There can't be enough good books on Toni Cade Bambara, so Thabiti Lewis's 'Black People Are My Business' is a real gift. His close readings of Bambara's fiction adds an important layer to the conversation about Bambara and, as importantly, about reading/writing as a practice of liberation in African American literary studies.

Professor of African American Studies and English, College of Charleston - Kameelah L. Martin

Lewis intervenes by re-establishing the boundaries and intergenerational building blocks of the Black Arts Movement by situating Bambara as a midwife for the creative legacy of the moment. He also reorients his readers to Bambara's role as foremother to some of the most acclaimed and well-read works by black women. This is essential for recognizing and placing Bambara within a more sustained discourse on the Black Arts Movement and Black women's evolution from that moment into their own creative renaissance. A necessary and overdue study.

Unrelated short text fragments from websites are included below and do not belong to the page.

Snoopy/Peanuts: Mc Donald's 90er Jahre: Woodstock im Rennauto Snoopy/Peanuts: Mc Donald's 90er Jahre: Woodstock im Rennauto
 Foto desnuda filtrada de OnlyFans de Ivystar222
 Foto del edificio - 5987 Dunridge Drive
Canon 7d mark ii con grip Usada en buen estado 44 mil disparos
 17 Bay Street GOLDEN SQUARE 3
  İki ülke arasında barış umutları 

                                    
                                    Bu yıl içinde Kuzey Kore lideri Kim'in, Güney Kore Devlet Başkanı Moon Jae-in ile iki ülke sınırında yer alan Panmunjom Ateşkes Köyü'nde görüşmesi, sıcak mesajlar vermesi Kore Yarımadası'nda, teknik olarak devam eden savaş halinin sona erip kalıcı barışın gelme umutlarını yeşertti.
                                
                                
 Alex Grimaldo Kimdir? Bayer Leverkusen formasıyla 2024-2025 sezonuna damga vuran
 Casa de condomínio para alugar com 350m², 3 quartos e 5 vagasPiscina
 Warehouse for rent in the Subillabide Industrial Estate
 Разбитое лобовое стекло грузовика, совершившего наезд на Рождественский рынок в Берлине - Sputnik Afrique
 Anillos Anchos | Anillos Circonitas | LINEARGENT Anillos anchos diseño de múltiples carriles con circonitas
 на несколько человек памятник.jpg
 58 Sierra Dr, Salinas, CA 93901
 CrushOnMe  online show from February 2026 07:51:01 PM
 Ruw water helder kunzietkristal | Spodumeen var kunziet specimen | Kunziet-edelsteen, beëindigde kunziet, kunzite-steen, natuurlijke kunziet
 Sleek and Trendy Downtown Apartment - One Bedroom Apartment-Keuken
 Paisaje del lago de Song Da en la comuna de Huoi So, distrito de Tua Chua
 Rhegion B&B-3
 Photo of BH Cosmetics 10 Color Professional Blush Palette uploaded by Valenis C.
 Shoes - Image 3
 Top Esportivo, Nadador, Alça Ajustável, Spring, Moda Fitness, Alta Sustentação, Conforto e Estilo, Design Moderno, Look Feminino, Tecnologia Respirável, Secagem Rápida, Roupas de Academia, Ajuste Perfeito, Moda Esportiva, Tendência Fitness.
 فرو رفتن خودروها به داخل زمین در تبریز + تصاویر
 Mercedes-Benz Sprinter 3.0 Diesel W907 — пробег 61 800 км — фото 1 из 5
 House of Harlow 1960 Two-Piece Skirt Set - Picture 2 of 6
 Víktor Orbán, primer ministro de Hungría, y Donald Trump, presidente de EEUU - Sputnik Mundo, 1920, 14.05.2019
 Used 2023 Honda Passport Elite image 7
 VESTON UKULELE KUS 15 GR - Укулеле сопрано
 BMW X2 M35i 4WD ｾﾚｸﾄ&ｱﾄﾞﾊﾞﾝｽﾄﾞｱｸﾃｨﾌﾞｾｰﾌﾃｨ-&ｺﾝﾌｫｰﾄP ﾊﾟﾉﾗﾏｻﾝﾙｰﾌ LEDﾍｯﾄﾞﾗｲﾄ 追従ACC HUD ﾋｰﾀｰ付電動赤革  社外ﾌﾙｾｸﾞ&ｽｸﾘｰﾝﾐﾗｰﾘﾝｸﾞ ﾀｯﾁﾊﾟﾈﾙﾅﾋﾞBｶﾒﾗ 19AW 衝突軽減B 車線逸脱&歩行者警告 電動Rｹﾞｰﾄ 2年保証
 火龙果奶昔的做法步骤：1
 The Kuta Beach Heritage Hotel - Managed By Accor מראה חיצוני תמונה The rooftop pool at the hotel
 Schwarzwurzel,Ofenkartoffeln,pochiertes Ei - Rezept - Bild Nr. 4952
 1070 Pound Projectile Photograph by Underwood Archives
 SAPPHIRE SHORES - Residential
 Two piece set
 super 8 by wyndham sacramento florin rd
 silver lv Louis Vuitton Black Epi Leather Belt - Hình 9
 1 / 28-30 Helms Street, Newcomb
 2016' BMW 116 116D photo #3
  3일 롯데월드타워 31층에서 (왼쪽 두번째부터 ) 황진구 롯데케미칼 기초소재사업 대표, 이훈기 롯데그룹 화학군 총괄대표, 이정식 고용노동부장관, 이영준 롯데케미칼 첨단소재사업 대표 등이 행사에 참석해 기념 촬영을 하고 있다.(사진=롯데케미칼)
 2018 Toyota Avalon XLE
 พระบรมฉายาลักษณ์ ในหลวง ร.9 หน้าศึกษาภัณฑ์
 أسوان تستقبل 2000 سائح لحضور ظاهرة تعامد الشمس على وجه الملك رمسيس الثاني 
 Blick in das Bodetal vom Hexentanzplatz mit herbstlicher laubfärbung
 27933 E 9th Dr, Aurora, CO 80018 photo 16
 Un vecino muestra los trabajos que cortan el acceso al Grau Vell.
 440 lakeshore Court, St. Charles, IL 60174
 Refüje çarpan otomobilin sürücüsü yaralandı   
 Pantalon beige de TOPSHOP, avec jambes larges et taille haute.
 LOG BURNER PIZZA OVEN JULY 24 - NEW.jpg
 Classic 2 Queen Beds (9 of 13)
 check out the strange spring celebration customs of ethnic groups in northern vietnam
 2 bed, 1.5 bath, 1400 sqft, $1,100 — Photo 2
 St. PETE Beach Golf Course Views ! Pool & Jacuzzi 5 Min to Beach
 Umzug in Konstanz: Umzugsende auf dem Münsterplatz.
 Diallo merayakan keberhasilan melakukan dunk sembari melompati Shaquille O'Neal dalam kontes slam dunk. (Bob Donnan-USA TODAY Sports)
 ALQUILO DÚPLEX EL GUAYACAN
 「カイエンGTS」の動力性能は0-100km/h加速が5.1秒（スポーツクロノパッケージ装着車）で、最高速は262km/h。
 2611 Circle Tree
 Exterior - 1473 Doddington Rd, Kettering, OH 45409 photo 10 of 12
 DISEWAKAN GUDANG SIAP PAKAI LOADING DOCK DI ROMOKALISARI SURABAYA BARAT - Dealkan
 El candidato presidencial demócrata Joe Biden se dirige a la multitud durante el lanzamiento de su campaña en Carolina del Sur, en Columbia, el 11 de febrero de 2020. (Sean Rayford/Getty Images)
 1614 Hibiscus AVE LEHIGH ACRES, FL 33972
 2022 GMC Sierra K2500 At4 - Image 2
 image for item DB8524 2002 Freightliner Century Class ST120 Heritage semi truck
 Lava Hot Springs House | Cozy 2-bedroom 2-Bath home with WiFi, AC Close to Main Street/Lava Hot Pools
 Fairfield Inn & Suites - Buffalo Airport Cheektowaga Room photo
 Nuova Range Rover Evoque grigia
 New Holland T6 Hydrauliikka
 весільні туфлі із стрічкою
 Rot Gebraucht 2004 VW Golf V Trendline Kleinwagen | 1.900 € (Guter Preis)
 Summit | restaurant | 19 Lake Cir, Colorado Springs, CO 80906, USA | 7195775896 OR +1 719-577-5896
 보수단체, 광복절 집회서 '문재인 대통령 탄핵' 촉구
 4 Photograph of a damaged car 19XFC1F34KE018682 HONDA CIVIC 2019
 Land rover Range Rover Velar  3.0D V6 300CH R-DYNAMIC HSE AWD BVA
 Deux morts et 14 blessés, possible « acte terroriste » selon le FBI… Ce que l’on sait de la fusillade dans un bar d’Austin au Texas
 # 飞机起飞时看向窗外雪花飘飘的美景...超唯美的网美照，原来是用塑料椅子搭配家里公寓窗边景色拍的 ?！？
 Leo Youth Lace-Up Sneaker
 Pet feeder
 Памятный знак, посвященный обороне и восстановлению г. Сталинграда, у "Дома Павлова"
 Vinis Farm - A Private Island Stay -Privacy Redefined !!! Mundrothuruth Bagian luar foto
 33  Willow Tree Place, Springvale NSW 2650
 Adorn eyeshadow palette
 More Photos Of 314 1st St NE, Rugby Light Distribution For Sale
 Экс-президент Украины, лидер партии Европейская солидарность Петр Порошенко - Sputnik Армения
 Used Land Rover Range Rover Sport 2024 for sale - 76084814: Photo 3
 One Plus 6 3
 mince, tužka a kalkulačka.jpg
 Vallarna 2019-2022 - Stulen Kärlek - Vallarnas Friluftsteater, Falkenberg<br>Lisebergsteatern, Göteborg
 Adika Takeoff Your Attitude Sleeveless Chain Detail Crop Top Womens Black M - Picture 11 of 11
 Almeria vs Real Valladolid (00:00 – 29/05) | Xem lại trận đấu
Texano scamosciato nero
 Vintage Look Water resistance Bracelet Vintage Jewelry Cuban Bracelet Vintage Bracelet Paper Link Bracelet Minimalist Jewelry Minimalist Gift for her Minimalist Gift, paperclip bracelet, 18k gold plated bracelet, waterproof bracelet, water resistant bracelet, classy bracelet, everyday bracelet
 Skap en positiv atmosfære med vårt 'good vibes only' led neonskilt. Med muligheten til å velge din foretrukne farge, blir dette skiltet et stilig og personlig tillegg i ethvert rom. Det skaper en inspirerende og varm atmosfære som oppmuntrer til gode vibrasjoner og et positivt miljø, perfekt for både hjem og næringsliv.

Professor of English, Temple University - Joyce A. Joyce

Lewis does a superb job of defending a unique and overdue analysis of Toni Cade Bambara's fiction. The technique of viewing Bambara's fiction through the lens of the spiritual wholeness aesthetic with its most frequent source in the Black Aesthetic Movement moves readers' attention from the dominant paradigm of viewing Bambara's fiction from a heavily womanist perspective to an interrogation of how Bambara's spiritual, political aesthetic reflects an interweaving of self and ethnic identity, community engagement and responsibility, a balancing of black male and black female identity and of how self-awareness or lack of it influences interactions within and outside the black community.

Zora Neale Hurston Professor of English, Rutgers University - Cheryl A. Wall

'Black People Are My Business' offers an insightful and empathetic analysis of Bambara's complete corpus—her popular short stories, her novels, and her nonfiction prose. Thabiti Lewis is an astute reader who illuminates the many ways in which Bambara was and is an indispensable writer.

Founding Director of the Women's Research and Resource Center and Anna Julia Cooper Professor of Women's Studies at Spel - Beverly Guy-Sheftall

Lewis captures the significance of one of the most important figures in black and women's liberation struggles of the 60s and 70s in the U.S. Though Bambara has been undervalued as a revolutionary writer/activist/theorist of the Black Arts Movement, Lewis articulates in new ways, through an examination of her short stories and novels, the nature of her Black nationalist/feminist commitments and her 'spiritual wholeness aesthetic.' Lewis also underscores how Bambara practices 'nation building in her art' in unapologetic, creative, and brilliant ways.